But Hans Eichel, the German finance minister, claimed on Tuesday (20 January) in Brussels that three other member states are considering lending support to the net payers' campaign.

Eichel said Italy, Ireland and Slovenia could join forces with the six to fight for a budget cap. Diplomats suggested that the group could grow to ten member states, as Finland would support it too.

A German official explained that more member states realized that they may become net contributors to the EU budget after 2007. "Ireland, for instance, because of the "statistical effect" of enlargement, could soon be a net payer.

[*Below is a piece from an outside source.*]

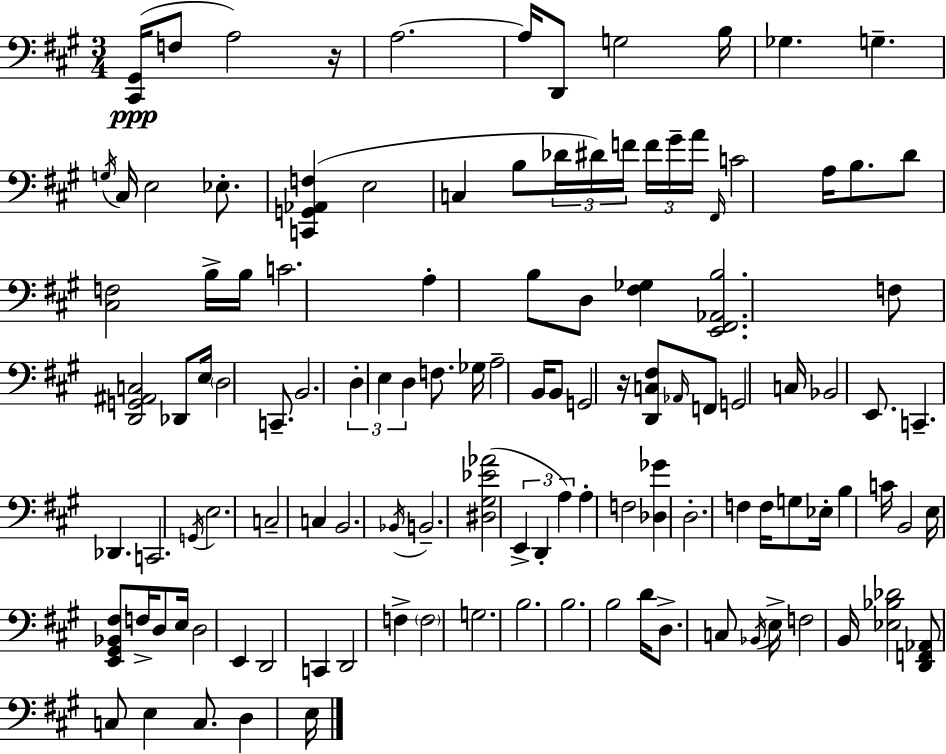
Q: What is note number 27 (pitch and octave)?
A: D4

The same is true of Italy," he said.

The EU's present poorer states, such as Greece, Portugal and Ireland, will appear richer after the accession of even poorer countries from central and eastern Europe, as the accession of the poorer states will bring the average wealth down across the European Union.

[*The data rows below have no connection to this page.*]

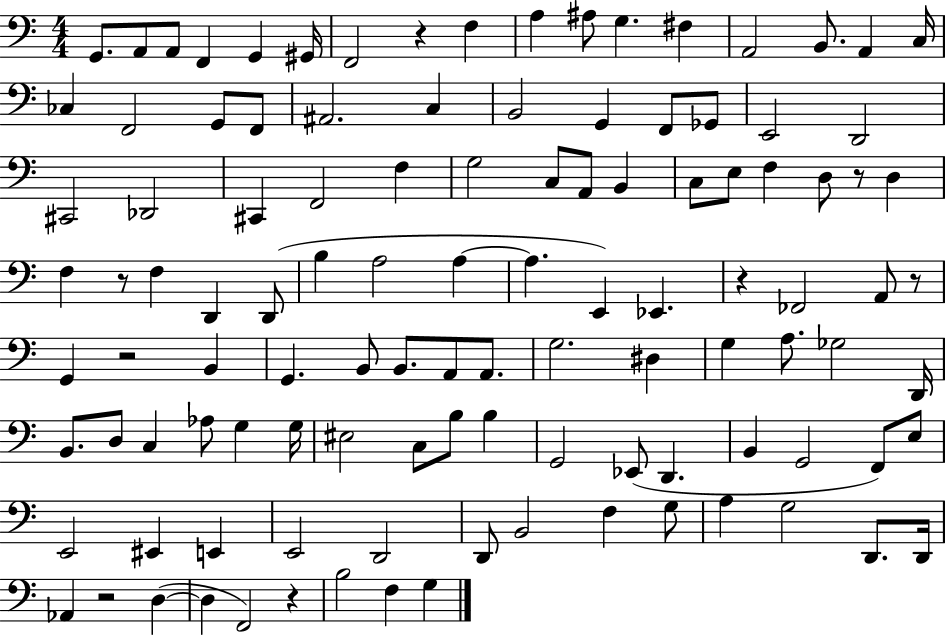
X:1
T:Untitled
M:4/4
L:1/4
K:C
G,,/2 A,,/2 A,,/2 F,, G,, ^G,,/4 F,,2 z F, A, ^A,/2 G, ^F, A,,2 B,,/2 A,, C,/4 _C, F,,2 G,,/2 F,,/2 ^A,,2 C, B,,2 G,, F,,/2 _G,,/2 E,,2 D,,2 ^C,,2 _D,,2 ^C,, F,,2 F, G,2 C,/2 A,,/2 B,, C,/2 E,/2 F, D,/2 z/2 D, F, z/2 F, D,, D,,/2 B, A,2 A, A, E,, _E,, z _F,,2 A,,/2 z/2 G,, z2 B,, G,, B,,/2 B,,/2 A,,/2 A,,/2 G,2 ^D, G, A,/2 _G,2 D,,/4 B,,/2 D,/2 C, _A,/2 G, G,/4 ^E,2 C,/2 B,/2 B, G,,2 _E,,/2 D,, B,, G,,2 F,,/2 E,/2 E,,2 ^E,, E,, E,,2 D,,2 D,,/2 B,,2 F, G,/2 A, G,2 D,,/2 D,,/4 _A,, z2 D, D, F,,2 z B,2 F, G,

But the German official warned that even the new member states should think twice about a big budget.

"They should realize that if the EU budget is bigger, it does not only mean that they will get more money, but also that they will pay more to the European Union's coffers.

"Everybody will think again before asking for a lavish budget."

The Commission will unveil its proposal for a seven-year spending programme on 10 February. Prodi has already warned the Union's pay masters that the EU cannot achieve its tasks with a 1% budget.

The Commission's budget officials are working on a plan under which the Union would spend around 1.12% of GNI every year. According to an early draft, the

2007 budget would start at 1% and rise gradually to 1.24%, which is the present upper ceiling, by 2013.

Michel Barnier, the French commissioner in charge of regional policy and institutional reforms, has warned that "a 1% budget is not realistic".

"We don't need to exceed 1.24%, but we are not obliged to be much under this ceiling," he told this newspaper.

Pöttering said the EPP wants to see a "moderate increase" in the EU budget.

He hinted that the 1.12% figure that the Commission is currently working on "seems right".

  • Prodi's call for a realistic budget will receive the backing of Albert Bore. president of the Committee of the Regions, when the two meet for talks today (22 January).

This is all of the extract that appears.